Gold Should Heed Miners’ Warning

 | Oct 27, 2023 08:38AM ET

While geopolitical conflict has kept gold afloat, mining stocks’ weakness signals trouble ahead. 

While risk assets attempt to break free of their bearish corrections, gold’s relative outperformance has the yellow metal shining bright. Despite that, we’ve booked 11-straight profitable trades, and our 12th (currently open) remains in the green. As a result, our success highlights why mining stocks are often better trading instruments than the yellow metal. 

Furthermore, while gold has largely sidestepped the recent risk rout, a recession is bearish for nearly all assets, and gold should suffer mightily if (when) the economic pain unfolds

For example, S&P Global released its U.S. Composite PMI on Oct. 25. And while the headline results were decent and it outperformed expectations, weakness was present beneath the surface. An excerpt read:

“Although some service providers highlighted a pick-up in customer numbers, many continued to note that high-interest rates and challenging economic conditions weighed on client demand. Some mentioned smaller and less frequent orders being placed by customers. As such, service sector new business fell for a third month running.”

In addition:

“The rate of charge inflation eased to the weakest since June 2020 and was slower than the long-run series average. Firms were reportedly keen to pass through any cost savings made to customers in a bid to drive sales.”

Thus, while 2021 and 2022 (to a lesser extent) were filled with demand-driven inflation, those days are long gone.

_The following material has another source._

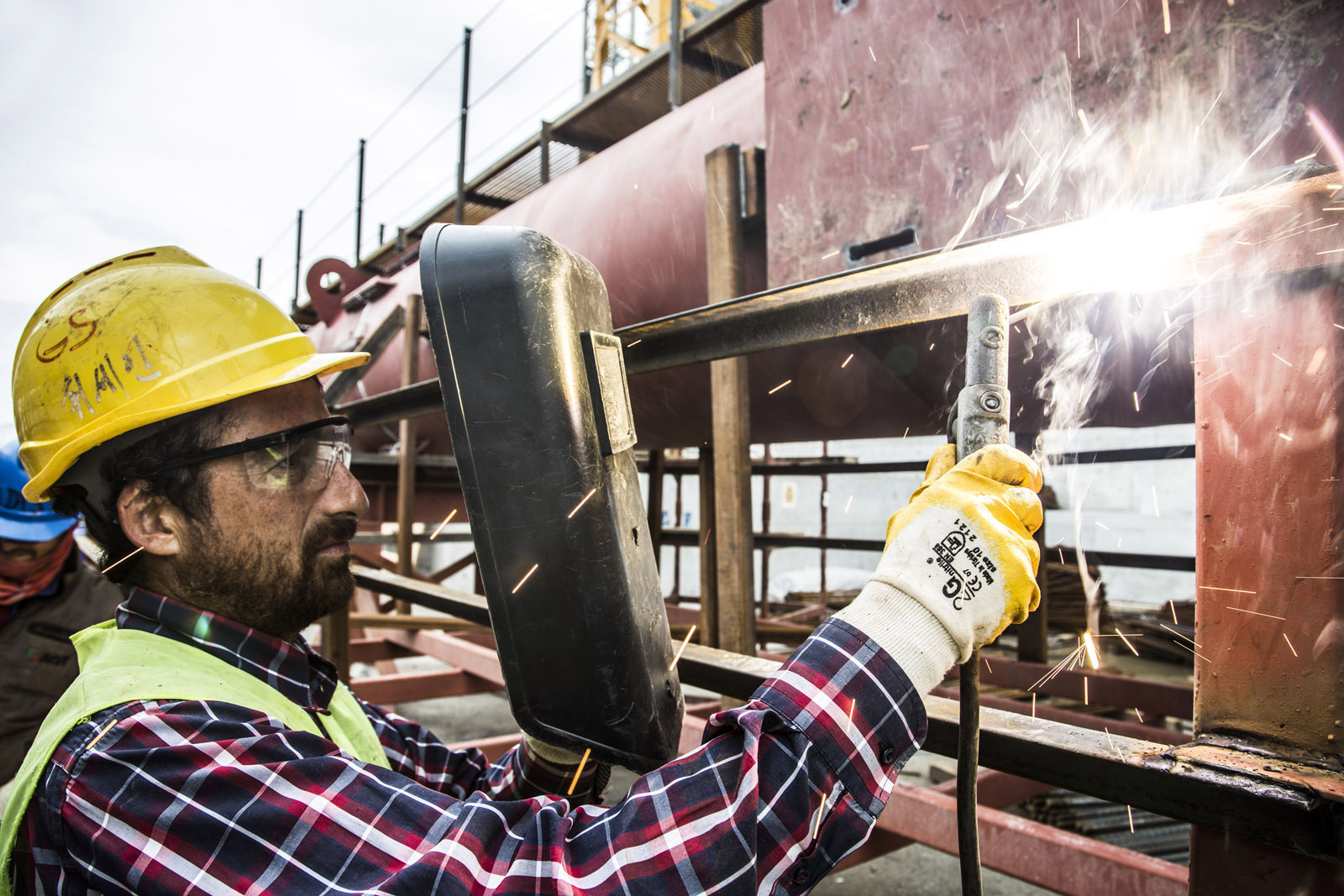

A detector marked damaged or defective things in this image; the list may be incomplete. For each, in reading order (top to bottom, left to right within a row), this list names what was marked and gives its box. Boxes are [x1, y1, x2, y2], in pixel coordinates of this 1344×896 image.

rusted metal surface [704, 144, 758, 655]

With firms increasing discounts to move inventory, consumer demand has suffered, and the weakness should continue in the months ahead. 

More importantly, the “rate of employment growth was only marginal overall,” as firms remain concerned about costs and future demand conditions. Therefore, the economic backdrop is heading in the wrong direction, and silver could be a major casualty if the trend continues.